And what you are refusing to get is that it doesn't fucking matter what the land is. He's fucking omnipotent, he could have done an infinite number of things that didn't have anything to do with genocide. It's irrelevant what arguments you try to put together because he's supposed to be all-powerful.

They were commanded to do this BY FUCKING GOD. You can't try and excuse this through antediluvian morality (which, by the way, doesn't excuse it in any fucking manner), as God, being infinitely wise, shouldn't logically be doing this shit so long as he's not a crazy fucking psycho.

Oh fuck you. You worship a being that encourages the most despicable act humanly possible, and when someone points out how horrible that is you answer with "too bad".

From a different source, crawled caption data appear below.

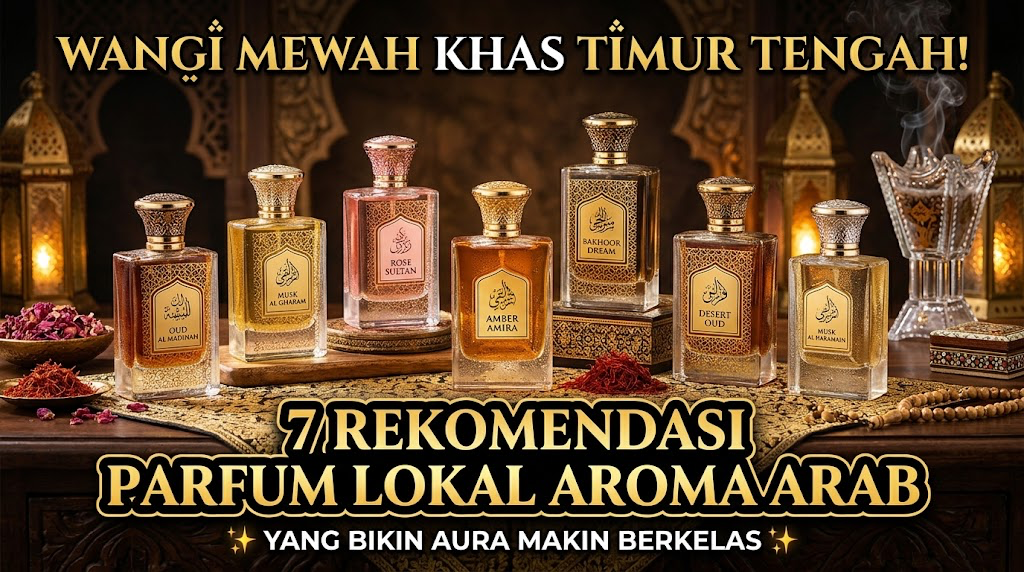 Panduan Lengkap Memilih Parfum Lokal Aroma Oriental yang Mewah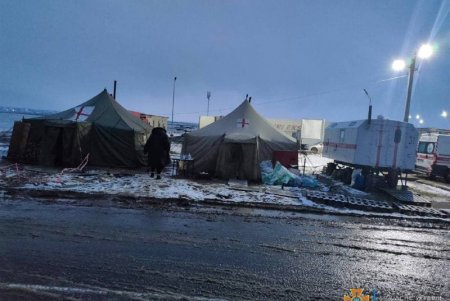 В пункте беженцам на КПП «Орловка-Исакча» оказали помощь уже более 2000 украинцам (фото)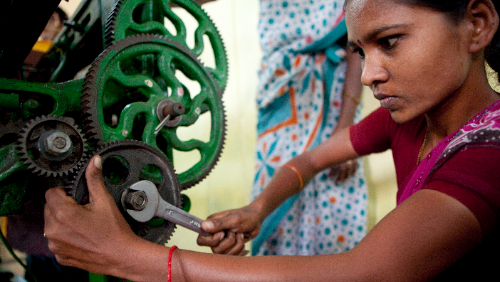 Recursos India - Mujer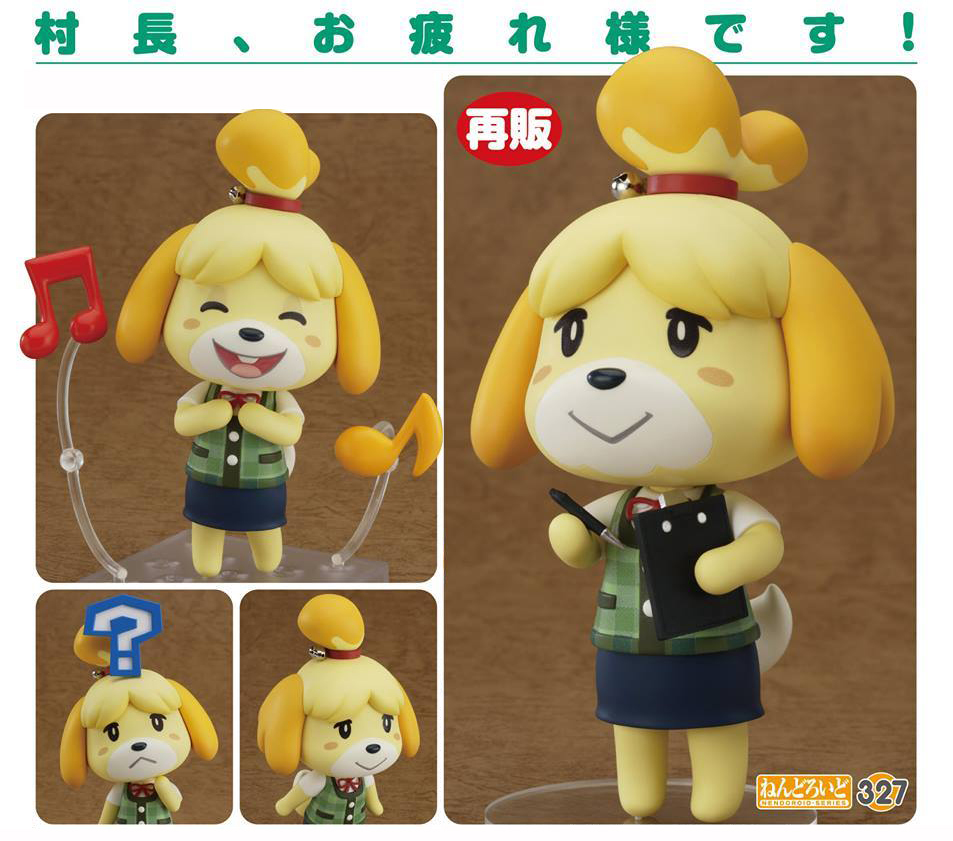 เปิดจอง Nendoroid Shizue (Isabelle)(4th-run)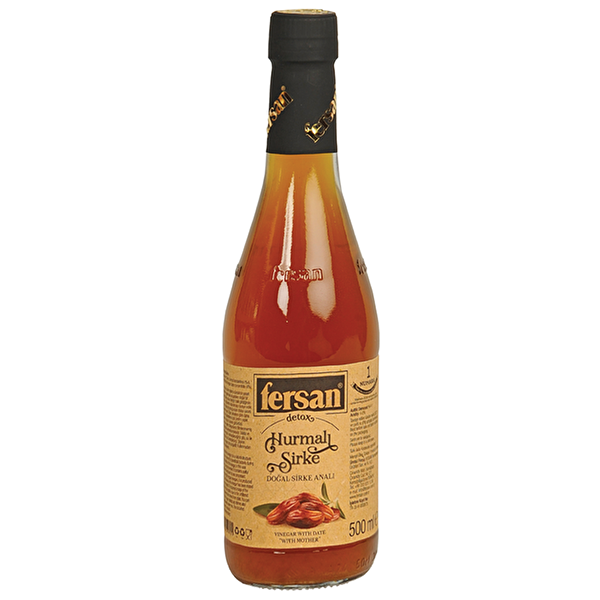 Fersan Detox Hurmalı Sirke 500 ml Fersan Detox Hurmalı Sirke 500 ml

You have no right to complain about Kintenbo. You're just as big a sick bastard for handwaving away genocide and theft of those murdered.

That's right; he could tell you to do anything, and you'd find it good no matter how horrible.

I find it quite hilarious that you're spinning my beliefs into something else. I'm just going over the chain of events here.

I say "this is written and this is what I think about it".

You say "so murder and genocide is OK in your religion's eyes?".

What I've been pointing out is what is written. If you want to argue the morality of it, go ahead. But the way that you're going, it looks like you're trying to paint those who follow my religion as some sort of psychotic murdering bastards when we're not.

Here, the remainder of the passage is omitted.